L’émotion étant un moteur central de la Cuisine d’Alain Bianchin, ce n’est pas étonnant que son autre modèle soit Pascal Barbot, Chef qui peut-être plus que quiconque est arrivé à transmettre l’émotion pure par de la technique sans faille, qui arrive à produire et reproduire des plats qui marquent.
Formel, sans excès
Malgré une soirée un peu spéciale (jour des remises de diplômes chez les réthos, équivalent du Bac en Belgique) qui aura vu beaucoup de tables tardives, le service s’est avéré être néanmoins très agréable. Nous ressentons l’accueil très professionnel de l’équipe de salle, mais avec la petite pointe de décontraction de bon aloi, renforcée par la ponctuelle présence du Chef en salle, lui qui se met un point d’honneur de rencontrer sa clientèle dès que le travail en cuisine le permet.

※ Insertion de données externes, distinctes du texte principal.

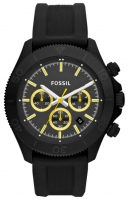 Fossil CH2870 Technische Daten, Fossil CH2870 Daten, Fossil CH2870 Funktionen, Fossil CH2870 Bewertung, Fossil CH2870 kaufen, Fossil CH2870 Preis, Fossil CH2870 Armbanduhren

Ce commentaire sur le service pourrait être élargi au travail de sommellerie, bien qu’un peu plus joueur même vu que Benjamin Vasseur, le sommelier, m’a proposé de jouer un peu à l’aveugle (à mon grand plaisir). Les vins sont en général bien choisi en accompagnement des plats, sans chercher non plus à révolutionner le monde des accords. Des vins assez jeunes sont préférés, pour créer les accords plutôt sur les aromatiques plus que sur les structures, ce qui donne une sélection qui passe très bien, sans toutefois toujours avoir toute la finesse de la cuisine du lieu (chose très difficile en sélection par ailleurs).
Un Menu
Pour ne pas terminer en frustrant certains lecteurs qui aiment avoir quelques descriptions plus directes de plats, je ne manque pas de parler de quelques plats qui m’ont un peu plus touché. Le début de repas a déjà été très positif. Si la royale de foie gras et parmesan, classique de la maison, était plaisant, j’ai surtout apprécié la mise en bouche composée de Madeleine aux olives noires et chorizo. Cette préparation a tout du piège pour le cuisinier : vite trop sec, chorizo rapidement trop présent, olives pas intégrées… et ici rien de tout cela, mais une texture parfaite, délicatement enrichies de saveurs plus épicées provenant manifestement du chorizo avant que la petite amertume de l’olive ne finisse la bouche. Le plat d’huître fumée, lui, emmène carrément au 7ème ciel.

Canard au sang de Burgaud grillé au feu de bois , jeunes oignons et févettes , chutney de rhubarbe-hibiscus, jus court aux épices.
Cette autre préparation phare de la Maison Bianchin est à mes yeux la quintessence de la Cuisine du Chef : Plusieurs éléments, un grand équilibre gustatif, beaucoup de technique, et une finale toute en émotion. Une petite larme pourrait tomber. Comme pour m’empêcher de m’en remettre arrive le homard dont j’ai parlé ci-dessus, avec l’une des plus jolies cuissons de homard jamais rencontrée. Enfin, je ne pourrais manquer le canard Burgaud au sang. Ca fait partie de ces plats où la réalisation sans faille prend du temps à être intégrée par votre serviteur. Le genre de plat qui m’impressionne au premier abord, sans m’émouvoir cependant, mais qui plante sa graine dans mon esprit, ce qui fait que depuis j’y repense beaucoup. Un monstre d’équilibre, en retenue mais aux saveurs si justes… Parfois, la technique, ca peut toucher, même à posteriori.